正月が過ぎ、もう少しで49層に到達しようかという所だった。
迷宮区を攻略からギルドホームに帰ってきたときに、メンバーの一人であるソウジから相談があったところから始まる。
「隊長。ちょっと相談があるんですけど。よろしいですか?」
「ん? なんだい?」
聞いた内容は28層にある村で昔大戦で活躍したという隠居した剣豪から修行を受けるというクエストだった。
「初めは修行してステータスを上げることが目的だったんですけど、修行が終わってクエスト完了したと思ったら新しいクエストがでて…。」
ソウジ、同メンバーであるヒョウカ、そしてGTの3名で行っていたらしいそのクエスト後、どうやら剣豪と一試合して勝てば剣豪が使っていたという武器をくれるという話だった。だが
「あのじいさんつよすぎ。」
GTが苦笑気味にいう。少なからずこの『怪物兵団』はかなりのレベル、装備、経験が備わっていると自負している。

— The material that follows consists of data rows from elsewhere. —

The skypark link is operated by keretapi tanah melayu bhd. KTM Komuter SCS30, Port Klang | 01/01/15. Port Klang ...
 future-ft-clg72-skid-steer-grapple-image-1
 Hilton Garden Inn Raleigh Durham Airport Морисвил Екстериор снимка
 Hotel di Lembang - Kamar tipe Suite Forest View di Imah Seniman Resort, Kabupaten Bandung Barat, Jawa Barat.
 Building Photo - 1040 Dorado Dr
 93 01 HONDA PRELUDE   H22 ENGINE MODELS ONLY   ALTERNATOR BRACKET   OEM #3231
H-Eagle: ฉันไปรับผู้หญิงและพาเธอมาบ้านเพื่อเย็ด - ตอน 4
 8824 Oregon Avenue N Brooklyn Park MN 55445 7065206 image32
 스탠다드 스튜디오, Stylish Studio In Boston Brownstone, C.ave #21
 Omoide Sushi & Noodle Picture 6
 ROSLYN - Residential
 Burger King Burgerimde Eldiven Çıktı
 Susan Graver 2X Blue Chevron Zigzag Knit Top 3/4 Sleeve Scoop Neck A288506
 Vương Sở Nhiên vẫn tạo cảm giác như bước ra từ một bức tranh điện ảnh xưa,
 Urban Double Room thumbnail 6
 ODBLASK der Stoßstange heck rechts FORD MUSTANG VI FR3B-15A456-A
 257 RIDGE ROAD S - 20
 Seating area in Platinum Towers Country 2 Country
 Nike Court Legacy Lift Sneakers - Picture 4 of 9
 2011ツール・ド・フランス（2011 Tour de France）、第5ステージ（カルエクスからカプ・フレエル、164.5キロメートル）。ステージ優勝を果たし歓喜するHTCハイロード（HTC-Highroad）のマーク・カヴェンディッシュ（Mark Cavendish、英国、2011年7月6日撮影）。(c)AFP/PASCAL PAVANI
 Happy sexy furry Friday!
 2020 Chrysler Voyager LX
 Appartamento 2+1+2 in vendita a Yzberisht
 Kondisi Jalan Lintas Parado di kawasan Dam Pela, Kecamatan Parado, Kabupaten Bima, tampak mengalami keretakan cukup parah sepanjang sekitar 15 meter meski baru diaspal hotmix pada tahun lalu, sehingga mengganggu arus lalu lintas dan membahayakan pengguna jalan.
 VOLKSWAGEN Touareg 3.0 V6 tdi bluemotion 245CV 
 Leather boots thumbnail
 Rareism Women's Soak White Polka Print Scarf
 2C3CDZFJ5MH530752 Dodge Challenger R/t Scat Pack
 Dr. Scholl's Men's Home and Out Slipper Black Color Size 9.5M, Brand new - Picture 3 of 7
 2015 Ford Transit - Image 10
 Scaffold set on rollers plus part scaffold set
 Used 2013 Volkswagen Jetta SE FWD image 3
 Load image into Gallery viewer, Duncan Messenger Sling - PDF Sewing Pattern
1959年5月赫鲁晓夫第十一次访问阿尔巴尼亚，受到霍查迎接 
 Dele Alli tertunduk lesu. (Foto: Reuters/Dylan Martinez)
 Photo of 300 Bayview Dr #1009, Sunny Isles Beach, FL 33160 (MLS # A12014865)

油断さえしなければ最前線でも苦戦はしない。だが、その老人はかなりの強さらしく3人とも一瞬で負けてしまったらしい。
「ほう…。」
話を聞き終えた俺は体がうずいている事に気づく。
『戦ってみたいものだ…。』
「隊長、うずいてます?」
シィが顔を覗きこんでくる。
「ははは。やはりばれるか。」
「隊長はそういうの好きだからねー。」
「うん。ばればれ。」
その場にいたソーマやケイもうなずいてくる。
「行って来たら?」
「サラ君。」
奥のキッチンから出てきた。どうやら話を聞いていたらしい。
「こっちは大丈夫だから。好きに暴れてきたら? オキにも連絡はしておくから。」
さっそくメニューコンソールを開いてメールをしている。何もかもいつも感謝の言葉以外でない。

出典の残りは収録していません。